Saturday, August 25, 2007

Merits of Defining your DB Schema in your Application?

Late last year I developed and released a Ruby plugin called DrySQL that aims to eliminate any traces of DB schema re-definition in your application. The philosophy behind this effort is that the DB is indeed the place that table structures, constraints, and relationships should be defined, and that it is redundant to re-define any of these artifacts in an application or anywhere else.

While my colleagues in the enterprise space generally shared my philosophy, I have heard some suggest that DrySQL's approach "sounded backwards" and I know of at least one project out there that aims to do exactly the opposite of what DrySQL does: it aims to support defining the DB schema entirely on the application side rather than on the DB.

I don't yet understand the attraction of this approach, but I'll be interested to hear the opinions of those who support it. I have difficulty grasping the logic behind ignoring established best practices, no matter how small your business is, but I suppose that just about anything could make sense given the right (or wrong) set of requirements and restrictions.

In considering my case for the DB schema living on the DB and nowhere else, my goal is to satisfy 2 main concerns.

1) Controlling The Cost of Change

To maximally reduce the cost of change in an environment consisting of one or more applications interacting with one or more databases, each database schema should be defined in one place only. If the schema is defined in more than one place, schema changes become more difficult (and thus more unattractive) to perform, as they must be cascaded across multiple definitions. If synchronizing multiple definitions requires human intervention, this approach is obviously prone to human error, not to mention tedium and annoyance. This situation is described as "inviting a maintenance nightmare" in The Pragmatic Programmer. Minimizing barriers to change is important to me because I want my software infrastructure to support evolution, and even encourage it.
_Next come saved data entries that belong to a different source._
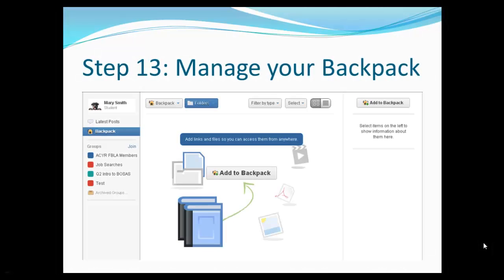Edmodo scavenger hunt step 13: managing your backpack. Your backpack is the place where you can store documents that you need to have access to both at school and at home. Your backpack is available anywhere you have internet access that you can access Edmodo from.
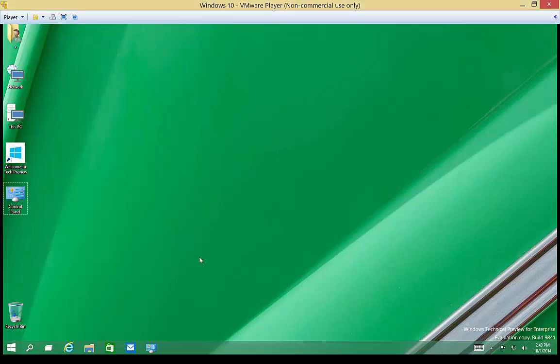We're in Windows 10. I'm going to show you the Task View application. Some people are calling it the Virtual Desktop application. It's just a couple of buttons to the right of the Start menu.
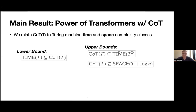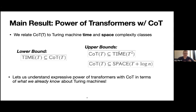I'll focus more on the lower bound construction, since there are a lot more interesting details to discuss. The high-level picture that emerges is that it allows us to understand the expressive power of transformers with chain of thought in terms of what we already know about Turing machines. I'll also discuss specific implications — what this means for simulating automata, solving graph connectivity, and when we actually get more expressive power compared to transformers without chain of thought.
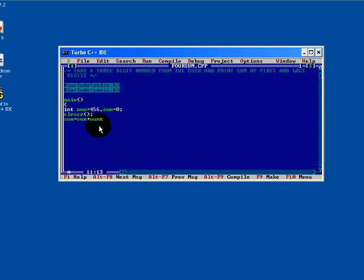Here we have to write a formula: sum equals to sum plus num percent 10. That is sum equal to 6.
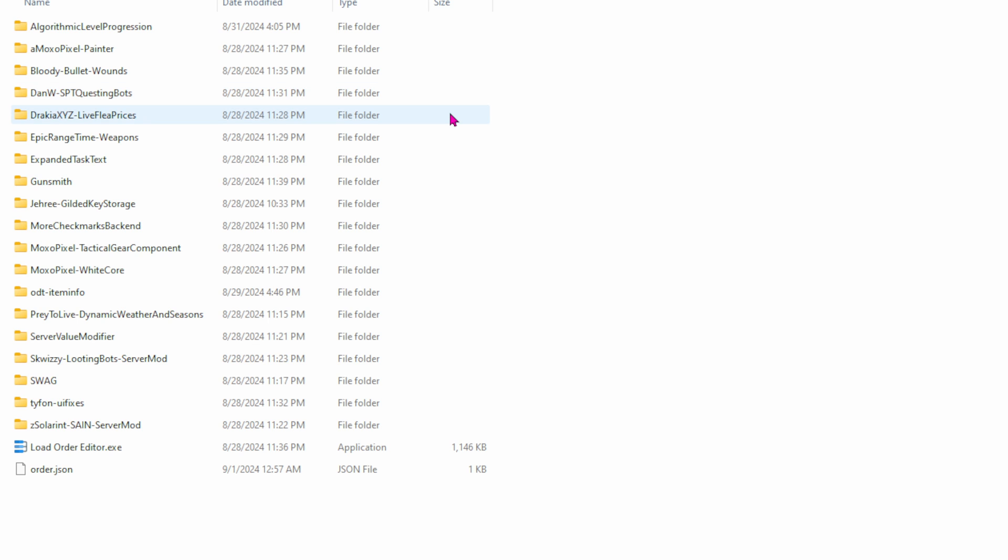So next we have Live Flea Prices. This updates every single hour as long as SPT's server is running. And that pulls directly from EFT Live. So we should have up-to-date flea prices. Even if EFT updates, I do believe, it should still pull the Live Flea Prices. All right, so next is Epic Range Time Weapons. Now, this is a completely different name on the website, but it's called Epics All-in-One. Basically adds just a bunch of weapons and weapon parts.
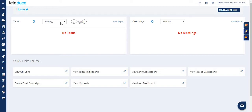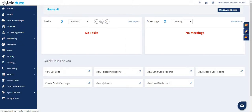Hi, in this video let's learn how to create a new lead. Once you have logged in, click on the menu bar from the left side and click on lead box.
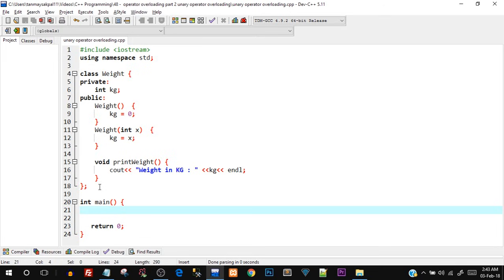Now what we're going to do is perform operator overloading — specifically we're going to overload the unary operators. The unary operators we are going to overload are the increment and decrement operators.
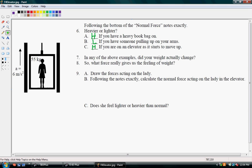In any of these above examples, did your weight change? No. If you got on a scale and you looked at how many pounds you weighed, and then you picked up a bowling ball, the scale is going to reflect the normal force that the surface has to apply back to you, but it doesn't change your weight. So what force really gives us the feeling of weight? It's going to be the normal force, Fn.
2) Maintaining Data Integrity

Given that the DB schema is to live in one place only, what place can guarantee the integrity of your data? Only the database itself. There are no back doors through the constraints defined on your database (except perhaps a bug in your DBMS if you are incredibly unlucky). Constraints defined elsewhere cannot be guaranteed to be enforced before data is written to your DB. Even in an environment where only one application interacts with your DB, it would be naive to think that your data would be safe without constraints on the DB. All it takes is one developer or tester (maybe even you?) to take a shortcut, execute a few "harmless" SQL queries through your database's command line interface (or any other interface for that matter), and your data is corrupted. The worst part of all is that the corruption might not be obvious immediately. Sure, an adequate backup schedule and a DB with some decent rollback/rollforward functionality will let you re-stabilize your data, but why pass up a frontline data protection mechanism that is so effective and accessible?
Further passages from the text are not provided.